# PROBLEM TO SOLVE
The listing below is to be duplicated exactly, with every picture omitted.

SOURCE DATA: Begin

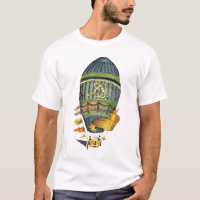 Balão de Ar Quente Cilíndrico Azul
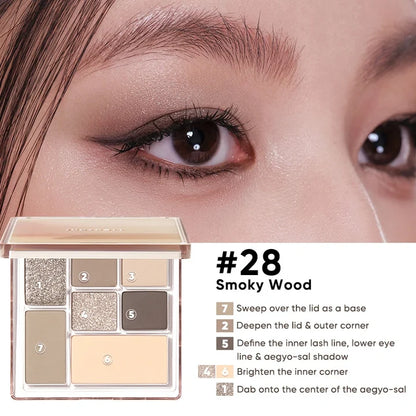Judydoll 7 Colors Eyeshadow Palette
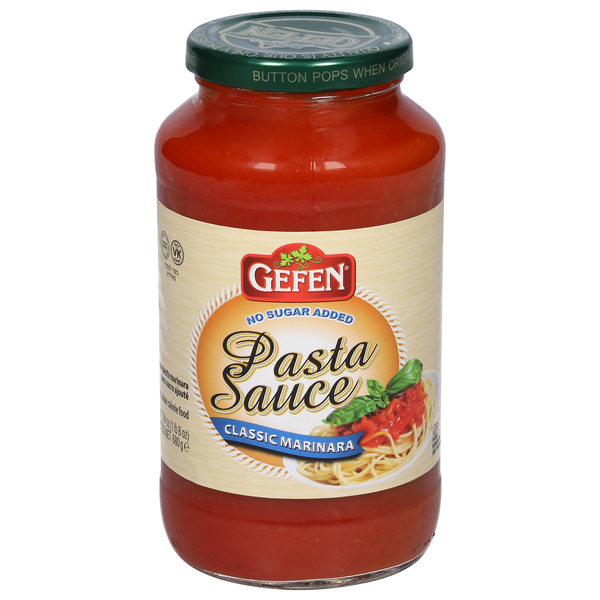 Gefen No Sugar Added Classic Marinara Pasta Sauce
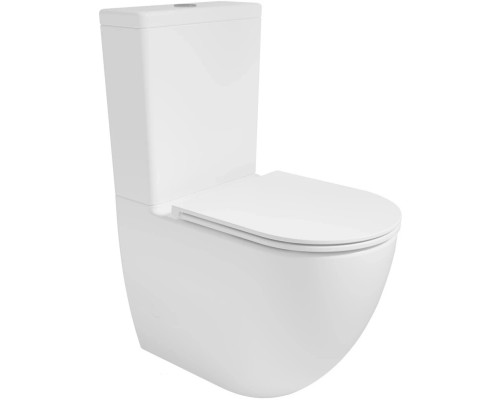 Унитаз-компакт Vincea Globo VT2-14T безободковый, торнадо, с сиденьем микролифт, белый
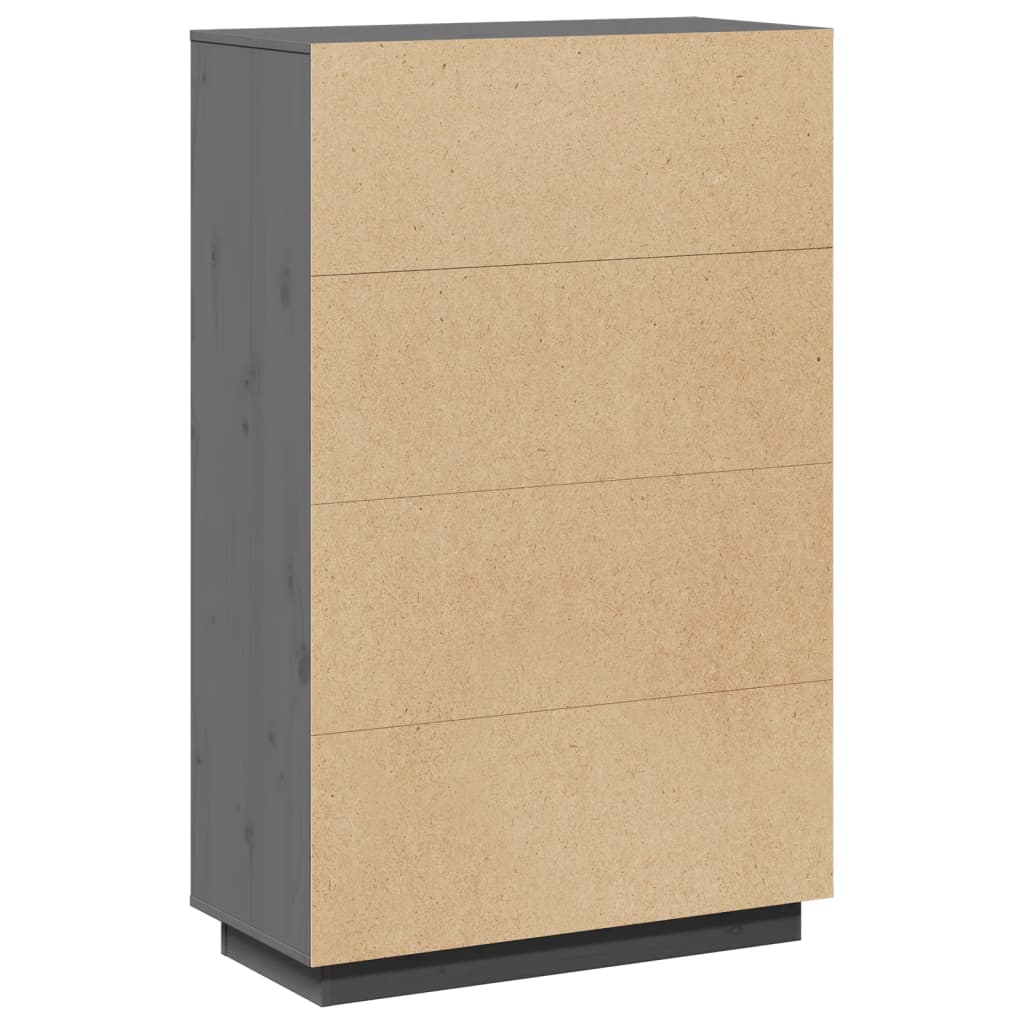 Aparador alto74x35x117 cm pinho maciço branco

SOURCE DATA: End

# ANSWER SECTION
 Balão de Ar Quente Cilíndrico Azul
Judydoll 7 Colors Eyeshadow Palette
 Gefen No Sugar Added Classic Marinara Pasta Sauce
 Унитаз-компакт Vincea Globo VT2-14T безободковый, торнадо, с сиденьем микролифт, белый
 Aparador alto74x35x117 cm pinho maciço branco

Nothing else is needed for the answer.